Sicuramente Chateau Yvonne 2003, in Loira. Questo vino é stato vinificato dallo Chef Bruno Verjus, che tra i mille progetti, ha fatto anche il vignaiolo per quasi dieci anni.
Questo Chenin, mi ha sorpreso poiché da un’annata 2003 mi aspettavo un’espressione molto ricca e concentrata, visto l’annata tra le piu afose degli ultimi 25 anni.
Invece ho trovato un vino brillante, teso, con una bellissima colonna vertebrale di acidità e freschezza.

Quali tendenze del mondo del vino potremo osservare nel 2025?

Credo che in futuro, avremo l’occasione di degustare vini provenienti dalle più disparate parti del mondo. Ci sono sempre più regioni, che un tempo non erano minimamente vocate al vino, che oggi iniziano a produrne.

Se dovessi dare un solo consiglio a chi sta iniziando, quale sarebbe? Un insegnamento che avresti voluto ricevere tu agli inizi.

Sembrerà forse scontato, ma mai dimenticare l’obbiettivo e l’energia e la passione che ci ha colpito sin dal giorno uno.
La costanza è sicuramente uno degli aspetti più importanti.
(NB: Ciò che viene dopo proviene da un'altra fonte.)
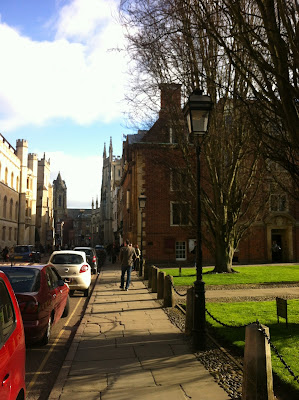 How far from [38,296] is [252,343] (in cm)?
389

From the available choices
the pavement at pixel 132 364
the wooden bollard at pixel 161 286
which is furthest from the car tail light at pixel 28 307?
the wooden bollard at pixel 161 286

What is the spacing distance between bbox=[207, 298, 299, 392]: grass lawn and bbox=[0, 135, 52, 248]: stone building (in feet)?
133

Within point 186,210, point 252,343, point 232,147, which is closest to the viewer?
point 252,343

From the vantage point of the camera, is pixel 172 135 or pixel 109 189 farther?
pixel 109 189

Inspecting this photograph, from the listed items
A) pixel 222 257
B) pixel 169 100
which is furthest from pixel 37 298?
pixel 222 257

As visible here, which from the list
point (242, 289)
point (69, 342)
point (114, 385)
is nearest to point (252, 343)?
point (114, 385)

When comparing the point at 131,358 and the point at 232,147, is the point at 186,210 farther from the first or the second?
the point at 131,358

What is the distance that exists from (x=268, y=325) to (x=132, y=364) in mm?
3569

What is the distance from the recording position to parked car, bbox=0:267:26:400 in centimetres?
279

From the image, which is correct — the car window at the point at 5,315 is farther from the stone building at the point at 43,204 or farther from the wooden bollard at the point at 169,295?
the stone building at the point at 43,204

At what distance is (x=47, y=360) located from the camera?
6.18m

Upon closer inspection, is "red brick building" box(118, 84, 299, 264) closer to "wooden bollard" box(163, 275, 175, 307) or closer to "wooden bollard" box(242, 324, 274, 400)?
"wooden bollard" box(163, 275, 175, 307)

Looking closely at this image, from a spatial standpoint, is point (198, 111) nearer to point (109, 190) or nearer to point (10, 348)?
point (10, 348)

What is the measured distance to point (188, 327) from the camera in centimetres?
746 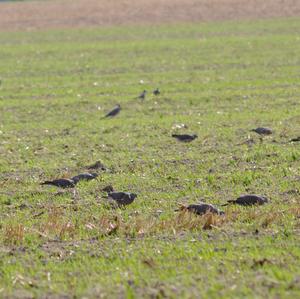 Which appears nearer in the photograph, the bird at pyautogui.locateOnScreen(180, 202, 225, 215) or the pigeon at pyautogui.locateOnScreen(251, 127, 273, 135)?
the bird at pyautogui.locateOnScreen(180, 202, 225, 215)

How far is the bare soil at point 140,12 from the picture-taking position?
3747 centimetres

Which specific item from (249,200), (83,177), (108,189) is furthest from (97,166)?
(249,200)

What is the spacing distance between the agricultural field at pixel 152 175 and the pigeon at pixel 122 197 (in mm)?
71

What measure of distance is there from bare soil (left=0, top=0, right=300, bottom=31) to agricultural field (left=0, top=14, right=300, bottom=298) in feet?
44.0

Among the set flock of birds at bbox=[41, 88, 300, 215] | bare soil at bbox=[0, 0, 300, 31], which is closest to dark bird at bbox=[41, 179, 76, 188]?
flock of birds at bbox=[41, 88, 300, 215]

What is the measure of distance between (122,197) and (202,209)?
105cm

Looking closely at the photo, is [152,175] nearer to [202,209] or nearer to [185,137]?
[202,209]

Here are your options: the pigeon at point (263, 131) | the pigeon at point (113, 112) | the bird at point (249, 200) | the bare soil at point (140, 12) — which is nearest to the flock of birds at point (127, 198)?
the bird at point (249, 200)

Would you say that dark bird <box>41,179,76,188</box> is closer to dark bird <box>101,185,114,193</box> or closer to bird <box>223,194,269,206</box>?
dark bird <box>101,185,114,193</box>

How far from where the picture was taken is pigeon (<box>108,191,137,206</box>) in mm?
9273

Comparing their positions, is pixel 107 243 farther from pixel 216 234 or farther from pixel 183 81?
pixel 183 81

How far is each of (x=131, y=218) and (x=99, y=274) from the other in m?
1.77

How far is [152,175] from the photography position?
10.7 m

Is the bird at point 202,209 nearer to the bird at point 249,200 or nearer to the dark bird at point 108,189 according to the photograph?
the bird at point 249,200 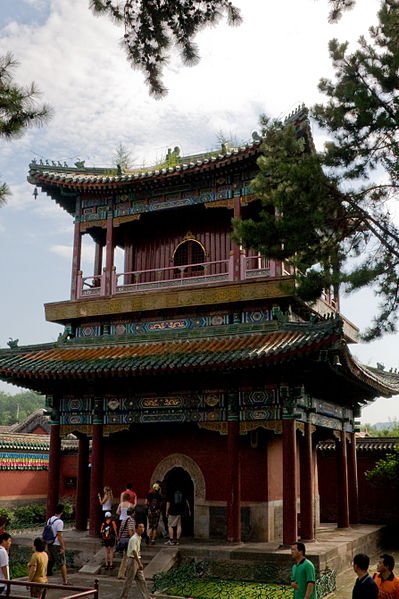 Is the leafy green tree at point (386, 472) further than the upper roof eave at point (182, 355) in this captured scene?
Yes

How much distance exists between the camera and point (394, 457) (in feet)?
69.3

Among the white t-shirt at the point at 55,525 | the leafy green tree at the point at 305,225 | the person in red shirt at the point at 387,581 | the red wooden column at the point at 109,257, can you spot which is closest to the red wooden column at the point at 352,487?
the red wooden column at the point at 109,257

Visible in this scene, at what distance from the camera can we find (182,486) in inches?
675

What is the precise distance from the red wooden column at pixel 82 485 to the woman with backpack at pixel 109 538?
3.20m

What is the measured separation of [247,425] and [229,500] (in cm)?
166

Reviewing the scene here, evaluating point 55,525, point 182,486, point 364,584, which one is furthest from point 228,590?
point 364,584

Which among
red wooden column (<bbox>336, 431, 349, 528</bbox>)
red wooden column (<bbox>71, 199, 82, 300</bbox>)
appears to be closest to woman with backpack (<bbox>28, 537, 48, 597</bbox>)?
red wooden column (<bbox>71, 199, 82, 300</bbox>)

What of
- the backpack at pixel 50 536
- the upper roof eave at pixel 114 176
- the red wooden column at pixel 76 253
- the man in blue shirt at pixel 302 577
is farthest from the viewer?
the red wooden column at pixel 76 253

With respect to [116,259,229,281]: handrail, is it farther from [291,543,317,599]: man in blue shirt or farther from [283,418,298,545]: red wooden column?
[291,543,317,599]: man in blue shirt

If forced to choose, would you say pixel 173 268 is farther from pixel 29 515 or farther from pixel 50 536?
pixel 29 515

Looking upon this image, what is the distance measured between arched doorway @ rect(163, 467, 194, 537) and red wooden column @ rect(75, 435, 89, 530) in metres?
2.27

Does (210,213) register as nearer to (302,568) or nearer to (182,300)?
(182,300)

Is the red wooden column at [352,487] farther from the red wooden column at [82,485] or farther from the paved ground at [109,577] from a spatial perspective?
the red wooden column at [82,485]

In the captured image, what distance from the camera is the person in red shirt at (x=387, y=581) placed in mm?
7750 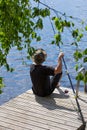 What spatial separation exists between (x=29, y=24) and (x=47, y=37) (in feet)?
64.3

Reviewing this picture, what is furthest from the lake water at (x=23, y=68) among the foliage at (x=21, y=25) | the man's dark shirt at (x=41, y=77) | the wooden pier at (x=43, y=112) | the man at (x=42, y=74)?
the foliage at (x=21, y=25)

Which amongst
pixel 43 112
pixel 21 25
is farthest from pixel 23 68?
pixel 21 25

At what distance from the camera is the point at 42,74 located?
7.47m

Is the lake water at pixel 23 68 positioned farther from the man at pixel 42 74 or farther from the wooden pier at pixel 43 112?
the wooden pier at pixel 43 112

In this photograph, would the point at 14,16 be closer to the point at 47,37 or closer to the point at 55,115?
the point at 55,115

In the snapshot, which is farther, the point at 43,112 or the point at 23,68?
the point at 23,68

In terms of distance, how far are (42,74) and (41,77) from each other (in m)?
0.07

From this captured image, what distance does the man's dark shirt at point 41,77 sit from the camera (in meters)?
7.41

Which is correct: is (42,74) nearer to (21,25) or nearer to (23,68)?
(21,25)

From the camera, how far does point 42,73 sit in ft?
24.5

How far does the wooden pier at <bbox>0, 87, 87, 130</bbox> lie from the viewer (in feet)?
20.1

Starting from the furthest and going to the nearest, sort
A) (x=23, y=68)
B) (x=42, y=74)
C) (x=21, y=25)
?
(x=23, y=68) → (x=42, y=74) → (x=21, y=25)

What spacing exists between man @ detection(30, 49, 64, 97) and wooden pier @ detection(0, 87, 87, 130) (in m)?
0.16

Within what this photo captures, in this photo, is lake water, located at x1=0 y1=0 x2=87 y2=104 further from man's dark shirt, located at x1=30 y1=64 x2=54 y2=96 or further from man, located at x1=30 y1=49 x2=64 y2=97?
man's dark shirt, located at x1=30 y1=64 x2=54 y2=96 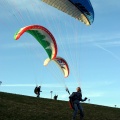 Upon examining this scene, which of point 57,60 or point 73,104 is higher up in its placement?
point 57,60

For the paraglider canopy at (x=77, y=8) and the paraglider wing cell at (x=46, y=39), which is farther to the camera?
the paraglider wing cell at (x=46, y=39)

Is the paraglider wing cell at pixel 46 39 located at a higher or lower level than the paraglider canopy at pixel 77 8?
lower

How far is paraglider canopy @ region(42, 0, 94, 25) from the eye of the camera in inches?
1113

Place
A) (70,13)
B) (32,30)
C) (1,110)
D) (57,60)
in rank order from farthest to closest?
(57,60)
(32,30)
(70,13)
(1,110)

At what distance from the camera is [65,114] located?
1092 inches

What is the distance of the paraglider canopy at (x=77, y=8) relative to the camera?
28.3 m

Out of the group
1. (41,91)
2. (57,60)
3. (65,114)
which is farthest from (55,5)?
(41,91)

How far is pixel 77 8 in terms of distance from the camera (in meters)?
29.3

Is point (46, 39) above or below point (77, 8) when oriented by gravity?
below

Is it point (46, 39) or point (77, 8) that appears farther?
point (46, 39)

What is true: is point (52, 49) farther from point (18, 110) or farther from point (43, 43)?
point (18, 110)

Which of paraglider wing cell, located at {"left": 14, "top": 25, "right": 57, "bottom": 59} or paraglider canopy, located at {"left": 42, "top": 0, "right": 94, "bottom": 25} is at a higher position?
paraglider canopy, located at {"left": 42, "top": 0, "right": 94, "bottom": 25}

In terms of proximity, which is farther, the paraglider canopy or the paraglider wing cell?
the paraglider wing cell

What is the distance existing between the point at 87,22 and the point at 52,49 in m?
4.27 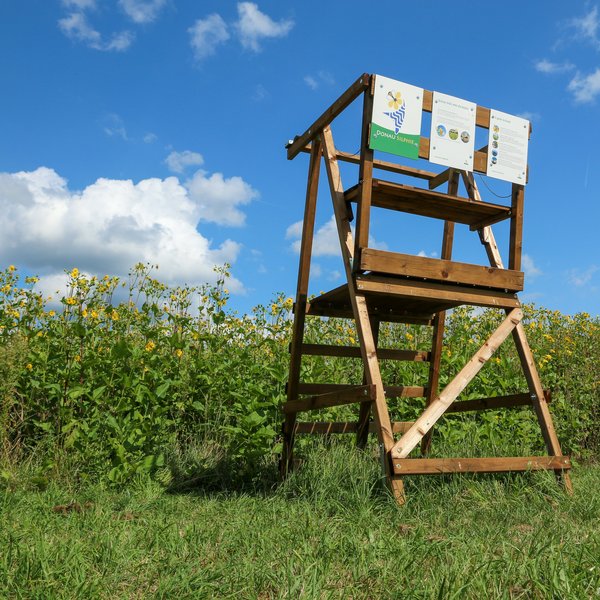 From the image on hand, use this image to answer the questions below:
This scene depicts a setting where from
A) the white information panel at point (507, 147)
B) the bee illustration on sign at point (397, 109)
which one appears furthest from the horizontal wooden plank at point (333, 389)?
the bee illustration on sign at point (397, 109)

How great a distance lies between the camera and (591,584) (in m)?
2.50

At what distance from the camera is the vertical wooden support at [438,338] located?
5652 mm

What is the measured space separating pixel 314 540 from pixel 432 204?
269 cm

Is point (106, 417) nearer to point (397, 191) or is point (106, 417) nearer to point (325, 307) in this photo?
point (325, 307)

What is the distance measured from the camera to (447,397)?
426cm

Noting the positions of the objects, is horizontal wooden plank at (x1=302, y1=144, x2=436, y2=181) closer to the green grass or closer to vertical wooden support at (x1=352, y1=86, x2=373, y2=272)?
vertical wooden support at (x1=352, y1=86, x2=373, y2=272)

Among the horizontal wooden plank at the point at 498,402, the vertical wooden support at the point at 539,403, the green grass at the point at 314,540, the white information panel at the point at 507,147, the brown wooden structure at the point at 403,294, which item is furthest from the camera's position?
the white information panel at the point at 507,147

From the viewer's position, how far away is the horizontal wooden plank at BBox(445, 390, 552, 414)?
4.79 meters

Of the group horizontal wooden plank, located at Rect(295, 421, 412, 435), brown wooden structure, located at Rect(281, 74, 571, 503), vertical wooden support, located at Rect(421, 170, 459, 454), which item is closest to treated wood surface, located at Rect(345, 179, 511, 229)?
brown wooden structure, located at Rect(281, 74, 571, 503)

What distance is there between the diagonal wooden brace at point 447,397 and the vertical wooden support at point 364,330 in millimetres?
94

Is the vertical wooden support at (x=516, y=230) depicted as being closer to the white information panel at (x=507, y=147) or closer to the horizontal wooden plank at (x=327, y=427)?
the white information panel at (x=507, y=147)

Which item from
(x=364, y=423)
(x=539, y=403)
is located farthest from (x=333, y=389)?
(x=539, y=403)

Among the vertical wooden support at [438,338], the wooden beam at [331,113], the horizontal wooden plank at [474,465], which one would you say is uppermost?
the wooden beam at [331,113]

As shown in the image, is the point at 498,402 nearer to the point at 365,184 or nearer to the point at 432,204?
the point at 432,204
Porsi piccoli obbiettivi ogni giorno e raggiungerli, al fine di avere sempre piu fiducia in se stessi.

Guardando indietro, quanto è stata importante la formazione per il tuo percorso?
C’è una lezione o un insegnamento che porti sempre con te e che senti di voler trasmettere agli altri?

Fondamentale.
ALMA non é solo una scuola, ma anche una famiglia, sa accoglierti, leggerti e indirizzarti.
Si formano amicizie legate da una profonda coesione, una community che resta nel tempo, forgiata dalla passione.